Silently, he approached the table and began flipping through the pages of each book. I wasn’t the only one who took notice and soon his grandpa was by his side asking him questions about the books. I couldn’t help but overhear their conversation:
“Do you like these books? Have you read them”
“My teacher has them. She lets me read hers. I read this one, but she doesn’t have all the other ones.”
“You can read them though? The words make sense and you like the stories?”
“Yeah, I like them a lot.”
“We should get you one. Everyone should have a book to read. Which one do you need next?”
“Are you sure? How much are these?” the boy held up the book and the man looked around the table for a price sign.
“I don’t know. I don’t see a sign and I don’t really know how books work,” he took the book from the boy, flipping through the pages and spinning it in his hands trying to spot a price to no avail.
“Its ok grandpa, I can get it at the library,” he reached for the book to place it back on the table, but his grandpa pulled in back.
“No. This is important. I might not know how this works but I know its important, we’re finding someone to help.”
It took all my self-restraint not to buy every book on the table for the boy. When grandpa and I made eye contact, I stepped in to tell them the price of the book they were holding. He asked if I could show him and his grandson “how books work”. I gave them a quick crash course on where to find book prices, what the book is about, and what number it is if it’s part of a series. Things I take for granted that my children and I know, were totally new info for the two standing before me. They paid for the book and left. I returned to where I was watching the book browsers but I couldn’t quite shake the older man’s words.
“This is important. I might not know how this works but I know its important. We’ll find someone to help.”
They could have said nothing and walked away. The grandpa could have been so ashamed about his lack of book knowledge he directed his grandson back out into the hallway. He could have just thrown the book on the counter and prayed the cost wasn’t going to be something out of his budget when it was rung up. Instead, he admitted he was not an expert, did not shy away from asking for help, and made sure they got what they needed before heading out that evening. Not only did he step out of his comfort zone – he bravely long jumped himself into the unknown.
That’s kind of how I feel about my journey in life and wherever this is going. I do not know it all. I am actively still in the middle of figuring things out. The only thing I am really sure of is how important it is to share, even if I need help along the way. I am not an expert on many things. I hold no fancy degrees in psychology, social work, Christian studies, writing, the Bible, marketing, or depression. I can still know those things are important. Instead of hiding away, I can find the help I need to get the outcome I want and share what I learn with anyone else in need.

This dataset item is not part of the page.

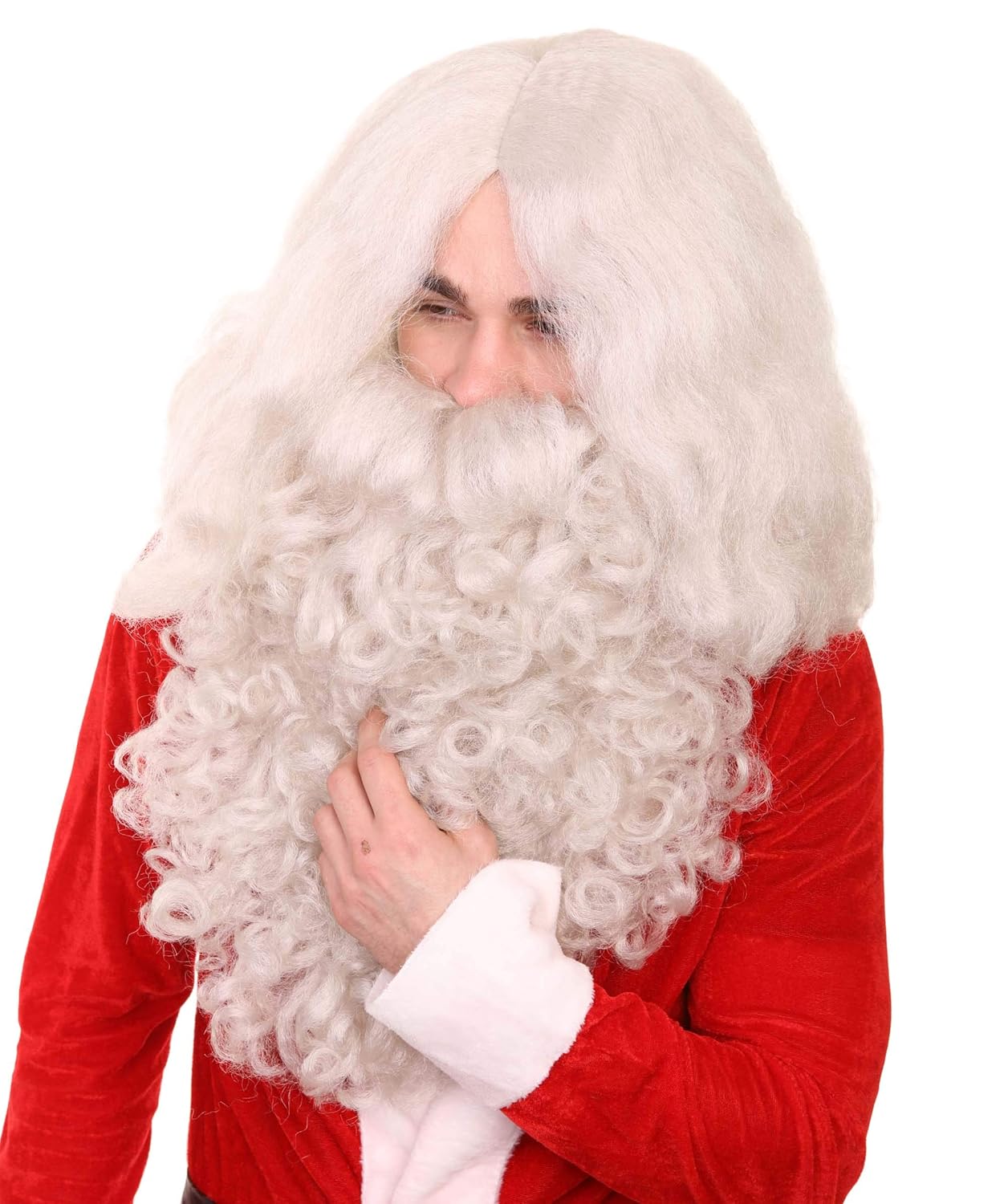 HPO Mens Santa Claus Wig and Beard Set Adult HX-019 White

I think that’s something a lot of people allow to hold them back. I am totally guilty of it. I see people doing or achieving things I want to, then I quickly assess my progress toward those goals. If I am not on par with them or at least catching up, I immediately believe I am not as good as them. The idea of working through those feelings or getting help doesn’t cross my mind. You’ve either got “it” or you don’t, right? I know I’m not the only one carrying these ridiculously high standards with me.

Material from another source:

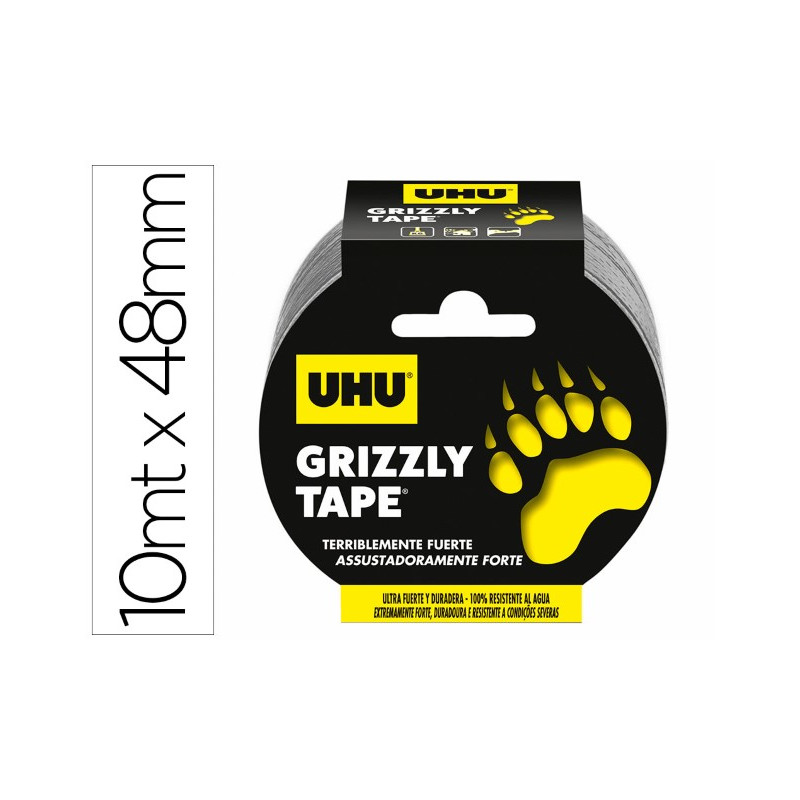 CINTA ADHESIVA UHU AMERICANA GRIZZLY TAPE ULTRAFUERTE COLOR PLATA 10 MT X 48 MM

I wonder how many amazing things I have missed out on because I didn’t feel I was an expert at it soon enough. How many things have we all missed out on which could have helped improve our lives or the lives of others? Why do we let doubt and fear take the wheel so often? Why do we act like we can only do the things we already know? When you step out of your comfort zone, you take back control.

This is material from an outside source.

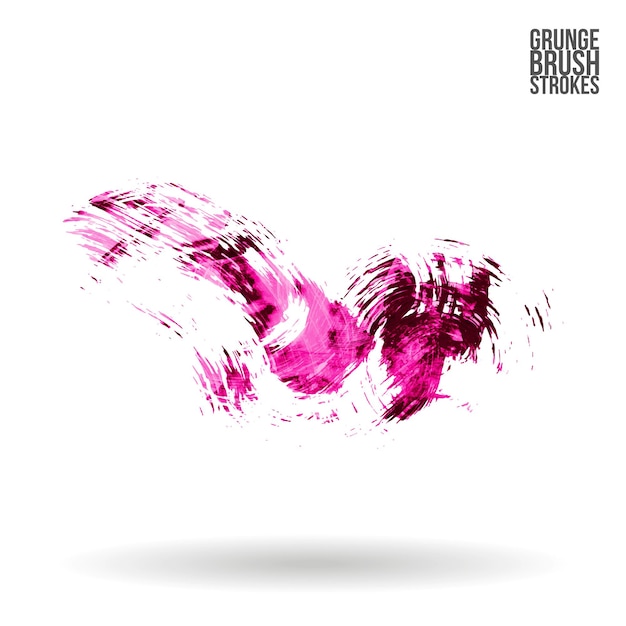 Magenta brush stroke and texture. Grunge vector abstract hand - painted element.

If a man in his 70s can wander into an elementary school library and admit to his grandson, then a woman he never met before, he doesn’t know how books work – we can chase after our dreams. If he can stand there, surrounded by Captain Underpants, Dogman, and Baby Shark books while he learns where to find information on a book sleeve without an ounce of embarrassment – we can ask questions and allow others to guide us too. You just need to step out of your comfort zone.
If you don’t know how, but know its important – do it. Do it scared, unsure, shaky, and uncertain – but do it.